Pelosi, the first U.S. speaker to visit the island in more than 25 years, set off more than a week of debate over whether the visit was a good idea after news of it leaked. In Taipei she remained calm but defiant.

“Today the world faces a choice between democracy and autocracy,” she said in a short speech during a meeting with Taiwanese President Tsai Ing-wen. “America’s determination to preserve democracy, here in Taiwan and around the world, remains ironclad.”

China, which claims Taiwan as its territory and opposes any engagement by Taiwanese officials with foreign governments, announced multiple military exercises around the island, parts of which will enter Taiwanese waters, and issued a series of harsh statements after the delegation touched down Tuesday night in the Taiwanese capital, Taipei.

Taiwan decried the planned actions, saying they violated the island's sovereignty.

“Such an act equals to sealing off Taiwan by air and sea, such an act covers our country’s territory and territorial waters, and severely violates our country’s territorial sovereignty,” Capt. Jian-chang Yu said at a briefing by the National Defense Ministry.

The Chinese military exercises, including live fire, are to start Thursday and be the largest aimed at Taiwan since 1995, when China fired missiles in a large-scale exercise to show its displeasure at a visit by then-Taiwanese President Lee Teng-hui to the U.S.

Taiwanese President Tsai responded firmly Wednesday to Beijing’s military intimidation.

“Facing deliberately heightened military threats, Taiwan will not back down,” Tsai said at her meeting with Pelosi. “We will firmly uphold our nation’s sovereignty and continue to hold the line of defense for democracy.”

China's official Xinhua News Agency announced the military actions Tuesday night, along with a map outlining six different areas around Taiwan. Arthur Zhin-Sheng Wang, a defense studies expert at Taiwan’s Central Police University, said three of the areas infringe on Taiwanese waters, meaning they are within 12 nautical miles of shore.

Using live fire in a country's territorial airspace or waters is risky, said Wang, adding that "according to international rules of engagement, this can possibly be seen as an act of war."

Pelosi's trip has heightened U.S.-China tensions more than visits by other members of Congress because of her high-level position as leader of the House of Representatives. She is the first speaker of the House to visit Taiwan in 25 years, since Newt Gingrich in 1997. However, other members of Congress have visited Taiwan in the past year.

Tsai, thanking Pelosi for her decades of support for Taiwan, presented the speaker with a civilian honor, the Order of the Propitious Clouds.

China's response has been loud and has come on multiple fronts: diplomatic, economic, and military.

Shortly after Pelosi landed Tuesday night, China announced live-fire drills that reportedly started that night, as well as the four-day exercises starting Thursday.

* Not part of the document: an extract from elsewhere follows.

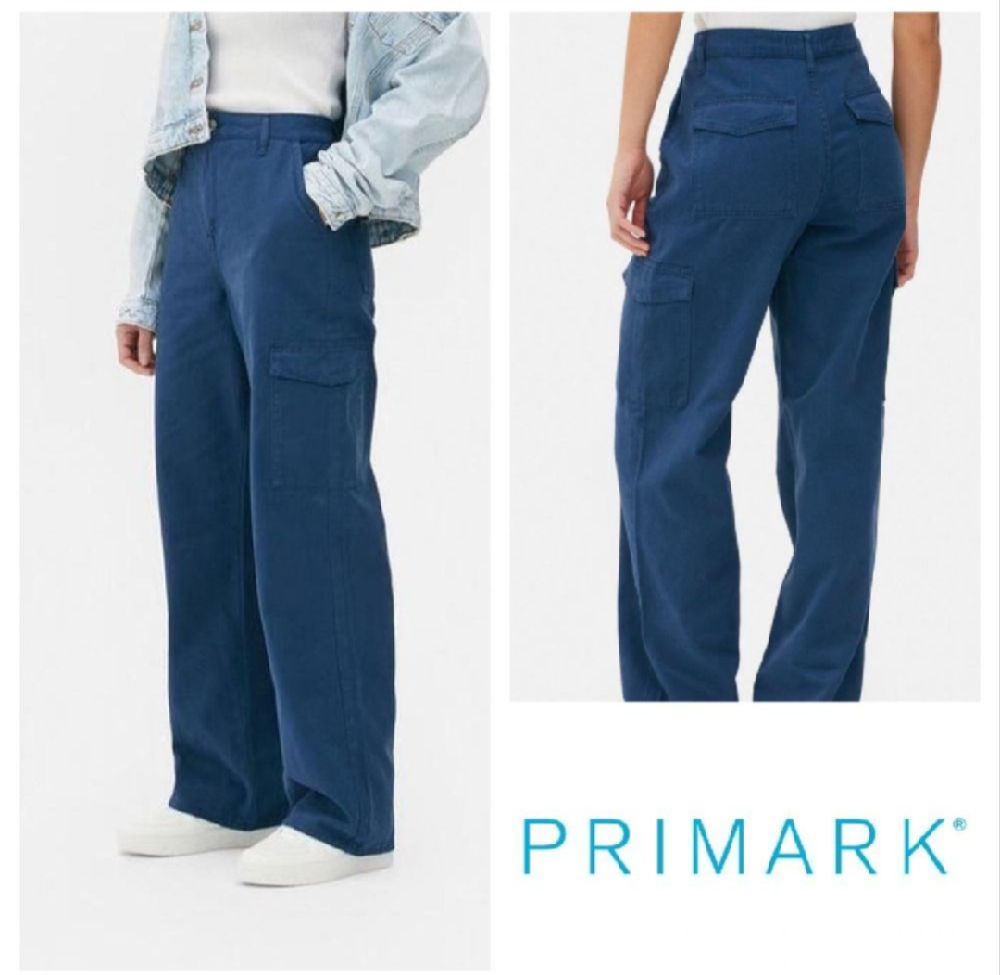 Primark wide leg cargo pants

The People's Liberation Army Air Force also flew a contingent of 21 warplanes Tuesday night, including fighter jets, toward Taiwan. Chinese Vice Foreign Minister Xie Feng also summoned the U.S. ambassador in Beijing, Nicholas Burns, to convey the country's protests the same night.

On Wednesday, China also banned some imports from Taiwan, including citrus fruit and fish.

Pelosi addressed Beijing’s threats Wednesday morning, saying she hopes it’s clear that while China has prevented Taiwan from attending certain international meetings, "that they understand they will not stand in the way of people coming to Taiwan as a show of friendship and of support.”

She noted that support for Taiwan is bipartisan in Congress and praised the island’s democracy. She stopped short of saying that the U.S would defend Taiwan militarily, emphasizing that Congress is “committed to the security of Taiwan, in order to have Taiwan be able to most effectively defend themselves.”

The administration of U.S. President Joe Biden has sought to tone down the volume on the visit, insisting there’s no change in America’s longstanding “one-China policy,” which recognizes Beijing but allows informal relations and defense ties with Taipei.

Pelosi departed Wednesday evening for South Korea, the next stop on an Asia tour that also included Singapore, Malaysia, and Japan.